By Daniel Hathaway
. Not live, but lively: Charnofsky’s two-hour WRUW program on the radio and web
. In memoriam Kaija Saariaho (pictured)
. Almanac: focus on a prolific New England composer
HAPPENING TODAY:
With no live concerts on the schedule, enjoy some unusual selections from Eric Charnofsky’s Not Your Grandmother’s Classical Music playlist. Today’s program on WRUW from 2-4 pm features Laurie Altman’s Homage a Stravinsky for Instrumental Octet, Charles Villiers Stanford’s String Quintet No. 1 in F, John Corigliano’s Promenade Overture, Lili Boulanger’s D’un vieux jardin & D’un jardin clair (piano), Stanley Grill’s 6 Songs (soprano/piano), Pavel Vejvanovsky’s Sonata in g (trumpet/organ),& Paul Hindemith’s Kammermusik No. 7 (organ/chamber orchestra). Click here to listen to the internet feed: or tune in to 91.1 FM in the greater Cleveland area. .

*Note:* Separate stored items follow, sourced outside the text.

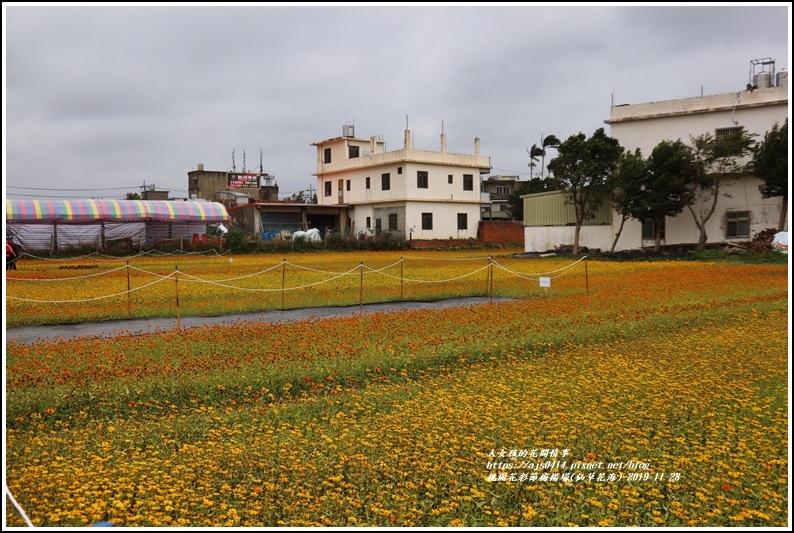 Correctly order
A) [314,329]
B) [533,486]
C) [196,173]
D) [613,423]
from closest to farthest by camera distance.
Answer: [533,486]
[613,423]
[314,329]
[196,173]

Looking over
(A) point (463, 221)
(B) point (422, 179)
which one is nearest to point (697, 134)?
(B) point (422, 179)

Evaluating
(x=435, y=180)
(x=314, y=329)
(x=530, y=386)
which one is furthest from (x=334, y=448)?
(x=435, y=180)

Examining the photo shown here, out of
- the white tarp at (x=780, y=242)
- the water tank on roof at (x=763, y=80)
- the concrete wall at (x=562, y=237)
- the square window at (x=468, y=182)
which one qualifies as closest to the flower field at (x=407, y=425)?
the white tarp at (x=780, y=242)

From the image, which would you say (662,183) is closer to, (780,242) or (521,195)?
(780,242)

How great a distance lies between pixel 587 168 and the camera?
41.9m

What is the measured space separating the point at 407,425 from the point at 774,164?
112ft

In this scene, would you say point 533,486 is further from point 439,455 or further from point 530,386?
point 530,386

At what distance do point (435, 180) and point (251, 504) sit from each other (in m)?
53.0

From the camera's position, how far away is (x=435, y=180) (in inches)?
2275

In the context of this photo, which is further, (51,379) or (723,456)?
(51,379)

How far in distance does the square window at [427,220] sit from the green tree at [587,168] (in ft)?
51.2

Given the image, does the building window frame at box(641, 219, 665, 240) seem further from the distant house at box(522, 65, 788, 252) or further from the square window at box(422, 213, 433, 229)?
the square window at box(422, 213, 433, 229)

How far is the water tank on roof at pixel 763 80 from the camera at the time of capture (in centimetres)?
3953

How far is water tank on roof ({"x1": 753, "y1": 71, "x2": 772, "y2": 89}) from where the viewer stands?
130ft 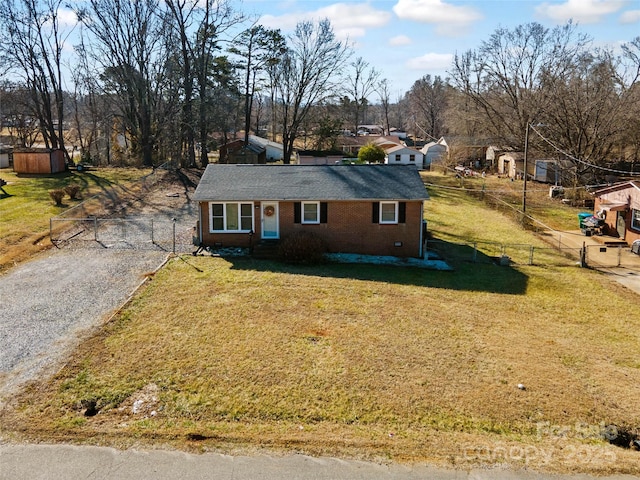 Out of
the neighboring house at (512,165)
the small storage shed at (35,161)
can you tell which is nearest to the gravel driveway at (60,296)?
the small storage shed at (35,161)

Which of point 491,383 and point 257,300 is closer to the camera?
point 491,383

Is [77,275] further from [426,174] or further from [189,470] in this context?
[426,174]

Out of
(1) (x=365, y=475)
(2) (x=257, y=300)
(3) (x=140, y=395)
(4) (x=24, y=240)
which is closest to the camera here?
(1) (x=365, y=475)

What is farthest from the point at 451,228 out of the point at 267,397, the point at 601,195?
the point at 267,397

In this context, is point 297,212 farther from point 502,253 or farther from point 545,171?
point 545,171

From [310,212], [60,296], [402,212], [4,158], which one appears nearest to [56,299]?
[60,296]

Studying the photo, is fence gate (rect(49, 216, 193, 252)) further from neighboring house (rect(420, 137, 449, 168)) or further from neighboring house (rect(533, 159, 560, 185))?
neighboring house (rect(420, 137, 449, 168)) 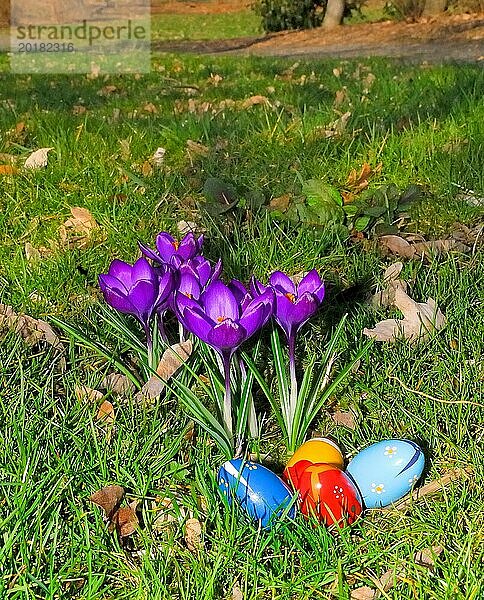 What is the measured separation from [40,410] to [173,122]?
2.89 m

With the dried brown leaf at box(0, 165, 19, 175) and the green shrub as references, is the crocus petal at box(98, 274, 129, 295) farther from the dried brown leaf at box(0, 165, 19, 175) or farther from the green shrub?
the green shrub

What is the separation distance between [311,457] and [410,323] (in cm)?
74

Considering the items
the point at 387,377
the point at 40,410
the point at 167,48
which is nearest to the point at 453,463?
the point at 387,377

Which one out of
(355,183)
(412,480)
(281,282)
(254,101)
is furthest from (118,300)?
(254,101)

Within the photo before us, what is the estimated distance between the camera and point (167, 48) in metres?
15.5

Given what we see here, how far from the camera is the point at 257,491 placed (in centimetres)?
168

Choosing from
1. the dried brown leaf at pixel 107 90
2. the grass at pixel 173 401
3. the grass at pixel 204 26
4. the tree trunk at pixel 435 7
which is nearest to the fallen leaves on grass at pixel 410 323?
the grass at pixel 173 401

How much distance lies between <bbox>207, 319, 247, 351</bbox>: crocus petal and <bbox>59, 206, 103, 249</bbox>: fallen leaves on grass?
5.15 feet

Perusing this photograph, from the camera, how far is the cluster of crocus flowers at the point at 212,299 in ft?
5.51

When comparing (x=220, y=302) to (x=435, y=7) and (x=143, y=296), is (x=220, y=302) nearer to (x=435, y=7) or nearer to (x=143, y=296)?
(x=143, y=296)

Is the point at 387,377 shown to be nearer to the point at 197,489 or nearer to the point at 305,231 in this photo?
the point at 197,489

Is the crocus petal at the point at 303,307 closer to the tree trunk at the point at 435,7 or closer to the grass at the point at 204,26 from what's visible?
the tree trunk at the point at 435,7

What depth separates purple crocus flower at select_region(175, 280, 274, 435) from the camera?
166 centimetres

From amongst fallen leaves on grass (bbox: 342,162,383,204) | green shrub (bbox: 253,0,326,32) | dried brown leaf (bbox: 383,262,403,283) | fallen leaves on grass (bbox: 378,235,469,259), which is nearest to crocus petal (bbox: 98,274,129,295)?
dried brown leaf (bbox: 383,262,403,283) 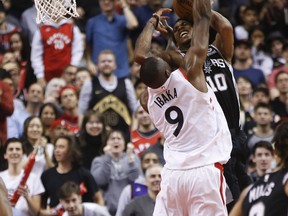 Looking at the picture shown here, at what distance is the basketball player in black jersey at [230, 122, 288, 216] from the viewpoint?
384 inches

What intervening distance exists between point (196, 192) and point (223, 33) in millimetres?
1442

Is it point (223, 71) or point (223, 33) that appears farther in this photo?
point (223, 71)

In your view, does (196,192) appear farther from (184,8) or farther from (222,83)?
(184,8)

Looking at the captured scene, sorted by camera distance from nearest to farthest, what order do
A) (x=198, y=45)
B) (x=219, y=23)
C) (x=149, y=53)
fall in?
(x=198, y=45) < (x=149, y=53) < (x=219, y=23)

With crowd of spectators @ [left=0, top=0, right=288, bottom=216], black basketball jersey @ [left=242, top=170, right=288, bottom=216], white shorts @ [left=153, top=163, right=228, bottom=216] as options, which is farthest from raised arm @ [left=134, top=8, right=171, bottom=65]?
crowd of spectators @ [left=0, top=0, right=288, bottom=216]

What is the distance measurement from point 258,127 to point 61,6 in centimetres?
530

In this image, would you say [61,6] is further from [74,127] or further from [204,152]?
[74,127]

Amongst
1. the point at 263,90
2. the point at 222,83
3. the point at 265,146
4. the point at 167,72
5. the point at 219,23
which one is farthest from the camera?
the point at 263,90

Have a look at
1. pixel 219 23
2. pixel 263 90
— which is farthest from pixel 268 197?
pixel 263 90

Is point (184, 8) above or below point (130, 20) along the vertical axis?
below

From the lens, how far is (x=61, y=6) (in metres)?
8.26

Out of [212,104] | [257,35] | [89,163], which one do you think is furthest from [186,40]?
[257,35]

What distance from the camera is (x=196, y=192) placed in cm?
770

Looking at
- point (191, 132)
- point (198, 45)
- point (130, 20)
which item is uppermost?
point (130, 20) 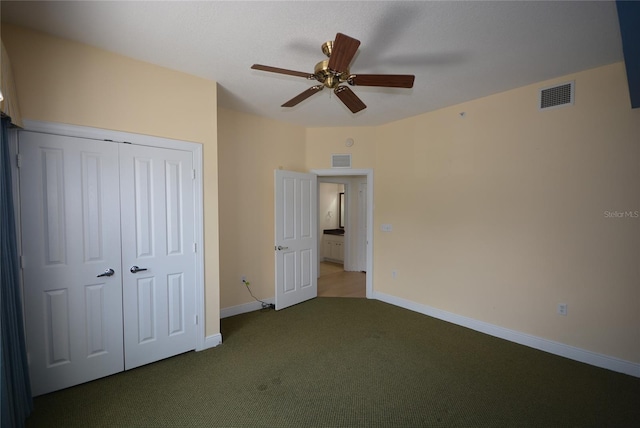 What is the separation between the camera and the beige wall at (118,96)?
2039 millimetres

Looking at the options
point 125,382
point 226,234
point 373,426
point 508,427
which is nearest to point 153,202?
point 226,234

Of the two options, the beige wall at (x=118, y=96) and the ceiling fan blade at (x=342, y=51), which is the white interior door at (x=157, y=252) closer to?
the beige wall at (x=118, y=96)

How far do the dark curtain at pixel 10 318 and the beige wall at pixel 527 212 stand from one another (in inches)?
156

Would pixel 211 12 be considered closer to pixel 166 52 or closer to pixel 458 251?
pixel 166 52

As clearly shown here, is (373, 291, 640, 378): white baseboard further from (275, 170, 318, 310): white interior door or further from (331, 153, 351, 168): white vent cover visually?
(331, 153, 351, 168): white vent cover

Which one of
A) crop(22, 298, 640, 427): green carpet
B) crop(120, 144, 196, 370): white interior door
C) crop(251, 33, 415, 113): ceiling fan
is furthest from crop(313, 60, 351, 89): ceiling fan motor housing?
crop(22, 298, 640, 427): green carpet

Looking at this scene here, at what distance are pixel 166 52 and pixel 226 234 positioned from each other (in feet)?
7.04

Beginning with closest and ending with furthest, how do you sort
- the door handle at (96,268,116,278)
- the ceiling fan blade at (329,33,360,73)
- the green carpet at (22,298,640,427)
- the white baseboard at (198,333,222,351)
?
the ceiling fan blade at (329,33,360,73) < the green carpet at (22,298,640,427) < the door handle at (96,268,116,278) < the white baseboard at (198,333,222,351)

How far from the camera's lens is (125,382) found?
2330 mm

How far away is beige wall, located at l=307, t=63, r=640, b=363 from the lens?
8.16 ft

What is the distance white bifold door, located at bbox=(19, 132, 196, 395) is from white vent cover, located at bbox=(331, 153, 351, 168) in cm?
235

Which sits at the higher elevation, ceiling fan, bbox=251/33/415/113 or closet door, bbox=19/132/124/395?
ceiling fan, bbox=251/33/415/113

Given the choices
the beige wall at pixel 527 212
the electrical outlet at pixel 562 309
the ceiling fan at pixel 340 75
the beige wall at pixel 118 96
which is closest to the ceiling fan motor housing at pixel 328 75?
the ceiling fan at pixel 340 75

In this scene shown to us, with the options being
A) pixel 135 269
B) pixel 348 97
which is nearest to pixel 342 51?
pixel 348 97
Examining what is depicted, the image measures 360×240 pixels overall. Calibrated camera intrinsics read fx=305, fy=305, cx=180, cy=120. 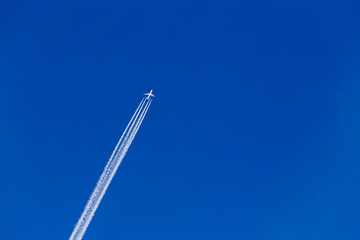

Visit our Concert Listings page for robust listings of these and other events —composer names, composition titles, and performers.
NEWS BRIEFS:
Finnish composer Kaija Saariaho passed away peacefully in her sleep at her home in Paris on Friday morning. Read a statement from her family here, and view her obituary by Joshua Baron in the New York Times here. Also in the Times, view Zachary Woolfe’s list of eleven essential works by Saariaho, and read an appreciation by Finnish conductor Susanna Mälkki.
ALMANAC FOR JUNE 5:
Midwives and morticians were busy on June 5 in classical music history.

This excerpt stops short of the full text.